§ **The task**
Beginning at the line that holds "Alfombrillas de goma", repeat every line through the last line of the material, exactly, and drop any pictures.

§ **Dataset extract**
- - - -
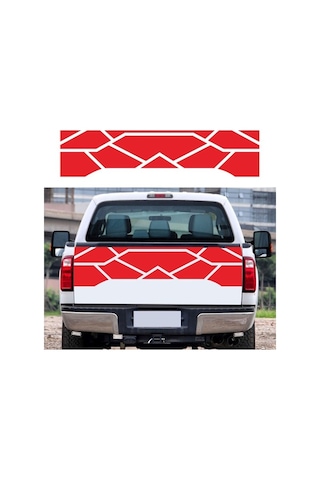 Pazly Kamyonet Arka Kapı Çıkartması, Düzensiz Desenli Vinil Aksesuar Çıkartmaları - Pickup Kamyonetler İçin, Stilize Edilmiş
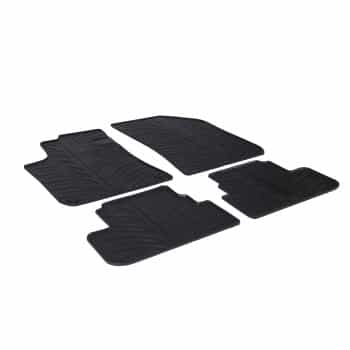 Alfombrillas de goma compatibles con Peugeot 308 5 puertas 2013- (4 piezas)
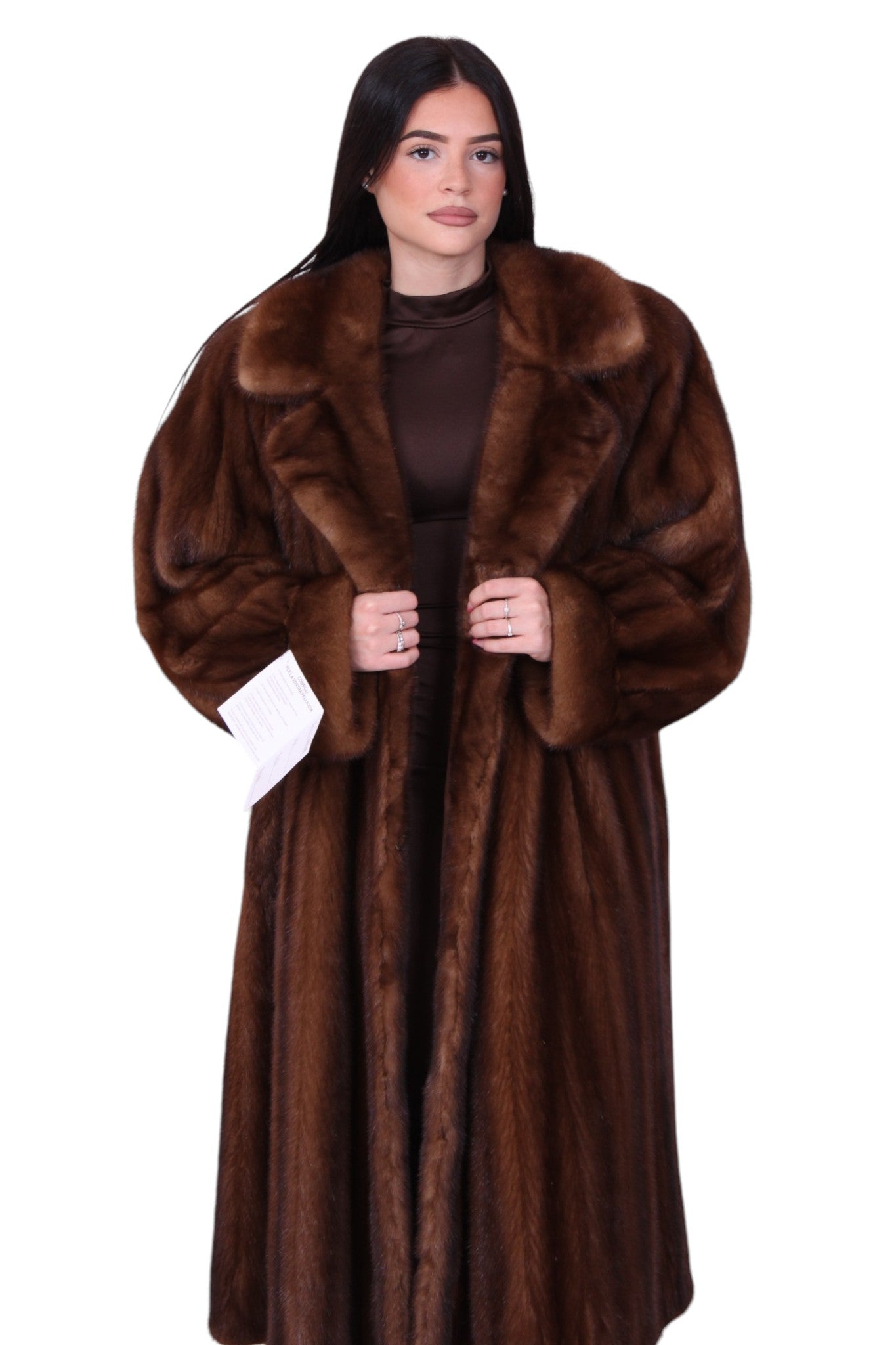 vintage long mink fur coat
- - - -
§ **Answer box**
 Alfombrillas de goma compatibles con Peugeot 308 5 puertas 2013- (4 piezas)
 vintage long mink fur coat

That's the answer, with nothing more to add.